20150703_BB

Source: BBC News

URL: http://www.bbc.co.uk/news/science-environment-33370591

Date: 03/07/2015

Event: "Water will be more acidic and also hotter, thanks to climate change."

Credit: BBC News

People:

    • Roger Harrabin: BBC's Environment Analyst
    • Professor Michal Kucera: Professor of Micropaleontology/Paleoceanography, University of Bremen
    • Professor Daniela Schmidt: Professorial Research Fellow in Palaeobiology, Bristol University

Roger Harrabin: Coral reefs - one of nature's marvels, now under threat from our emissions of carbon dioxide. CO2's a mildly acidic gas and these natural CO2 vents in Papua allow scientists to assess which creatures will survive as our CO2 emissions make the seas more acidic, everywhere. The branching corals that provide shelter for fish are unlikely to last the century. Shelfish are in danger, too.

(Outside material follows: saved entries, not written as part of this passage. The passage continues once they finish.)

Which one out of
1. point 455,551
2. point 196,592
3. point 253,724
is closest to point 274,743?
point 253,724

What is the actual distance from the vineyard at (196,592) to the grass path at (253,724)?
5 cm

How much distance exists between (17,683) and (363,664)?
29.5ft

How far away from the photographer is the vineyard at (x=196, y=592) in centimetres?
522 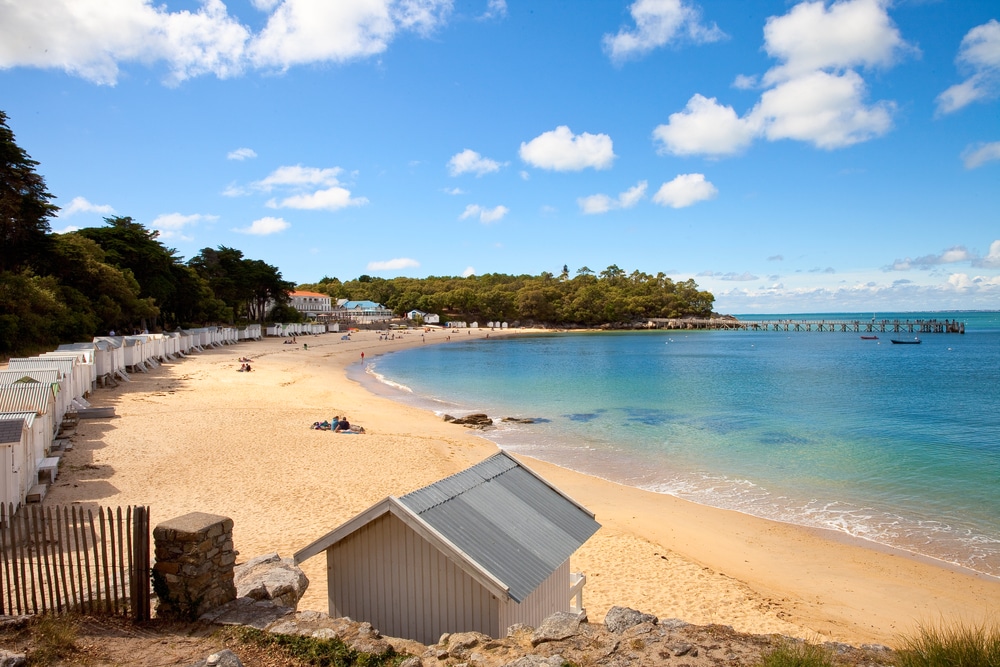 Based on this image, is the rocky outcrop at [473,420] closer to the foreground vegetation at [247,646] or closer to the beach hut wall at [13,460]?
the beach hut wall at [13,460]

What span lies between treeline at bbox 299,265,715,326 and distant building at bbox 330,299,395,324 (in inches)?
289

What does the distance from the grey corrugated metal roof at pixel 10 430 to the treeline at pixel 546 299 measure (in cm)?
12554

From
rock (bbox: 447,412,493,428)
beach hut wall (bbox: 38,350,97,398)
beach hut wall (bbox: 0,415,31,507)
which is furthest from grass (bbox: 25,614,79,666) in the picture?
rock (bbox: 447,412,493,428)

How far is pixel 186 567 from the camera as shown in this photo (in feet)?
20.4

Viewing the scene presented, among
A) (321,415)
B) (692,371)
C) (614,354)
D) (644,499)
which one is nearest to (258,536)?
(644,499)

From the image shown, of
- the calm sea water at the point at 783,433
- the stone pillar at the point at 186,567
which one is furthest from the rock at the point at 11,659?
the calm sea water at the point at 783,433

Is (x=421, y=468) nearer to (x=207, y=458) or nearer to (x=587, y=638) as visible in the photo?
(x=207, y=458)

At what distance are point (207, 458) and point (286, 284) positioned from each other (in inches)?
3053

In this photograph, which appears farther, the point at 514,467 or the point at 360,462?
the point at 360,462

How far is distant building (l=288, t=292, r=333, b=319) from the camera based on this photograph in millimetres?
118375

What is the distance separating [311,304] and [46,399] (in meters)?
112

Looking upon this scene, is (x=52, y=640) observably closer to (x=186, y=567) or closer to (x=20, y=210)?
(x=186, y=567)

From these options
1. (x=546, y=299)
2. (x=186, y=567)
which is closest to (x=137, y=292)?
(x=186, y=567)

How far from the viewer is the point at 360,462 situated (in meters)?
17.5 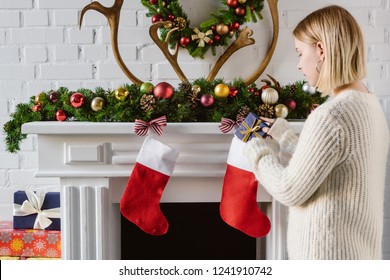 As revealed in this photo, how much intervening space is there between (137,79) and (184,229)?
63cm

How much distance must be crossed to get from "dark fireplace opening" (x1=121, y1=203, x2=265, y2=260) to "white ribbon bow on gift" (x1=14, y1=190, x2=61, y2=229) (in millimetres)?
322

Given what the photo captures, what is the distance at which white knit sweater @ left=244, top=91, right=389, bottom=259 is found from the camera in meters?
1.16

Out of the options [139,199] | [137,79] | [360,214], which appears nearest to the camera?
[360,214]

In Germany, they're experimenting to see how creatures can withstand the multiple impact we're having on the oceans. Water will be more acidic and also hotter, thanks to climate change. Michal Kucera studies microsopic shellfish called foraminifera.

Michal Kucera: These organisms, they can cope with elevated temperatures - they can cope with heat, they can cope with increased CO2 with acidification, but they have problems coping with both of them acting at the same time.

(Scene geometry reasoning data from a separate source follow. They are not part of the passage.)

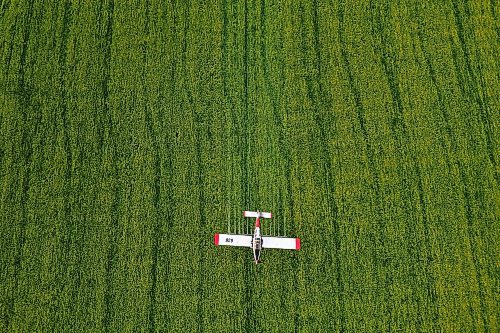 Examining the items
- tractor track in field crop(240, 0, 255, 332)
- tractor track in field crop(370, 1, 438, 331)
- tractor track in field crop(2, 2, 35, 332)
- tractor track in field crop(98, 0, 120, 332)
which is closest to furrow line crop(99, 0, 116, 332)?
tractor track in field crop(98, 0, 120, 332)

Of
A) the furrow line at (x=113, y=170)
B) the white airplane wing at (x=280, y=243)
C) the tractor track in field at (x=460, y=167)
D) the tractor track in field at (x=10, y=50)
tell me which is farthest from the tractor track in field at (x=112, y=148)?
the tractor track in field at (x=460, y=167)

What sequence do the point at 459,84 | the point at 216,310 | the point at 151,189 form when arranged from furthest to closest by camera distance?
the point at 459,84 < the point at 151,189 < the point at 216,310

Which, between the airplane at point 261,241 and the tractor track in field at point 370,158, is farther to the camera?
the tractor track in field at point 370,158

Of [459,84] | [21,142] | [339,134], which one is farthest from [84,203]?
[459,84]

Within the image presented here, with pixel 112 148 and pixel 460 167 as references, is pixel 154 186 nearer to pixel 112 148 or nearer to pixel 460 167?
pixel 112 148

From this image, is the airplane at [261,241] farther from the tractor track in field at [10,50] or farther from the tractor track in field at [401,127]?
the tractor track in field at [10,50]

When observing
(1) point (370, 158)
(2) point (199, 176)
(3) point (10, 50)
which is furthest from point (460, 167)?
(3) point (10, 50)

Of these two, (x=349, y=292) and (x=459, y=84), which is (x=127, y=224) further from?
(x=459, y=84)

Roger Harrabin: Scientists are also looking to the past for lessons - they've drilled into the ocean floor to take long samples, tracing a timeline over millions of years. The sediment cores go to labs in Germany. The samples are chalky white for millions of years, from the fossils of tiny shellfish - that's until this dramatic point, 55 million years ago, when the oceans suddenly got hotter and more acidic and the shellfish disappeared. Scientists here say we humans are changing the seas ten times faster than at this catastrophic event. From the samples here in Bremen, scientists conclude that we will have irreversibly changed the seas by 2100.

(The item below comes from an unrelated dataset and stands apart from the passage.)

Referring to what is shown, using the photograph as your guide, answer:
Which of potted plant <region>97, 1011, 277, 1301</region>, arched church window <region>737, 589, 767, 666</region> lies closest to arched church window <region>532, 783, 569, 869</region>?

Daniela Schmidt: My children will be alive in 2100. I would like them to be able to swim above a coral reef and enjoy its beauty. I would like them to be able to eat mussels and oysters and crayfish. And if we're continuing to release CO2 at the current rate, this is not going to happen.

Roger Harrabin: Some ocean systems will benefit from the changes we're inadvertently making, especially in the short term. But the report says most will suffer, unless we radically cut emissions of CO2. Roger Harrabin, BBC News.